> [INPUT MATERIAL]:
• • • • • • •

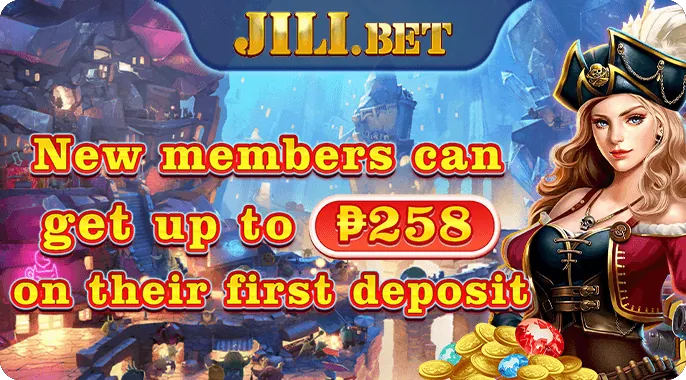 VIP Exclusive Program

• • • • • • •

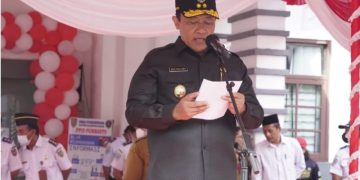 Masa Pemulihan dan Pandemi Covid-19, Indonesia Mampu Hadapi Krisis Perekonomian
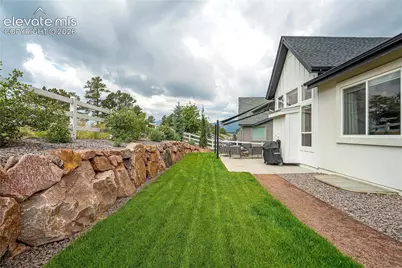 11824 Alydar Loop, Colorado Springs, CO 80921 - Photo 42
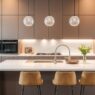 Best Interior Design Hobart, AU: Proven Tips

• • • • • • •

> [WHAT THE TASK ASKS]:
Above, find the line with "Masa Pemulihan dan"; copy it and every line down to the line with "Best Interior Design Hobart, AU: Proven Tips", exactly and both included, but no pictures.

> [RESPONSE TO THIS TASK]:
 Masa Pemulihan dan Pandemi Covid-19, Indonesia Mampu Hadapi Krisis Perekonomian
 11824 Alydar Loop, Colorado Springs, CO 80921 - Photo 42
 Best Interior Design Hobart, AU: Proven Tips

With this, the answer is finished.